[WHAT THE EXERCISE ASKS] Give every line from the entries that contains "Volkswagen".

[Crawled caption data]
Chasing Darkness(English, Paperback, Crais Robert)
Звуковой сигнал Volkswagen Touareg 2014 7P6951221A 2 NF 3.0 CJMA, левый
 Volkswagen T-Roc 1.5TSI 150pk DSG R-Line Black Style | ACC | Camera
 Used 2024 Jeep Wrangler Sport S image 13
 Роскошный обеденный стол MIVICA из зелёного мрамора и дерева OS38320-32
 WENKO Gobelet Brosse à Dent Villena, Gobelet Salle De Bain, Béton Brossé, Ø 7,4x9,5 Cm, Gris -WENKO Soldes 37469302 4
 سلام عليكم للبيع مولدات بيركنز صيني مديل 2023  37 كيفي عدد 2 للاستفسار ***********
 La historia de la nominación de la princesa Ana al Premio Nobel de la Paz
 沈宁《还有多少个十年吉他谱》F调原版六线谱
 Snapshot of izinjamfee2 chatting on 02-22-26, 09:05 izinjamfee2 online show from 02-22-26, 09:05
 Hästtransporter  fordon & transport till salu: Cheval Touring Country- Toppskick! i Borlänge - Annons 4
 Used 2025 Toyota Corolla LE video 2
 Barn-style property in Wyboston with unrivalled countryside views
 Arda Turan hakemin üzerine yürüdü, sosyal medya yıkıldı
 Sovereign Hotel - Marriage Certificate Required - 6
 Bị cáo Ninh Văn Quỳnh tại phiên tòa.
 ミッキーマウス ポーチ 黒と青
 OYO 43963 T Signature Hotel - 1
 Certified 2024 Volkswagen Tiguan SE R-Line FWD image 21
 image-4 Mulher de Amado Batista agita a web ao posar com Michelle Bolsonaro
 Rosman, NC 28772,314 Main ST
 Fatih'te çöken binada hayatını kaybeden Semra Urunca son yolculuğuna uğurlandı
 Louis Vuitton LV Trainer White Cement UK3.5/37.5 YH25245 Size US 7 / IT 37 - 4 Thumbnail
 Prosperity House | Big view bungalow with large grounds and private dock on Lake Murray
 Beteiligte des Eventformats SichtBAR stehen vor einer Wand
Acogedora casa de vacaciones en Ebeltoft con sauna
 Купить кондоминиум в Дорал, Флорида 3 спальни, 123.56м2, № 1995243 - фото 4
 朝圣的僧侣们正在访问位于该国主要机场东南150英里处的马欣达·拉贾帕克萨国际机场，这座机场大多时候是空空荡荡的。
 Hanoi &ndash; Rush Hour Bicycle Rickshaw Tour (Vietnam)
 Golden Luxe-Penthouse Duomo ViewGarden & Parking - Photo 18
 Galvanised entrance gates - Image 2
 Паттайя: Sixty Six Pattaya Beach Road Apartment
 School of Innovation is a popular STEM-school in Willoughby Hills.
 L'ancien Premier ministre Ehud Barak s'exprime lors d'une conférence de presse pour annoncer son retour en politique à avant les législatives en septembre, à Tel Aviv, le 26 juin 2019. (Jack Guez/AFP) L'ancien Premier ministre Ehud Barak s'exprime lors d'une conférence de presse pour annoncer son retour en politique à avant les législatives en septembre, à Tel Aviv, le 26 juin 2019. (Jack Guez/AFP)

[SOLUTION TO THIS TASK]
Звуковой сигнал Volkswagen Touareg 2014 7P6951221A 2 NF 3.0 CJMA, левый
 Volkswagen T-Roc 1.5TSI 150pk DSG R-Line Black Style | ACC | Camera
 Certified 2024 Volkswagen Tiguan SE R-Line FWD image 21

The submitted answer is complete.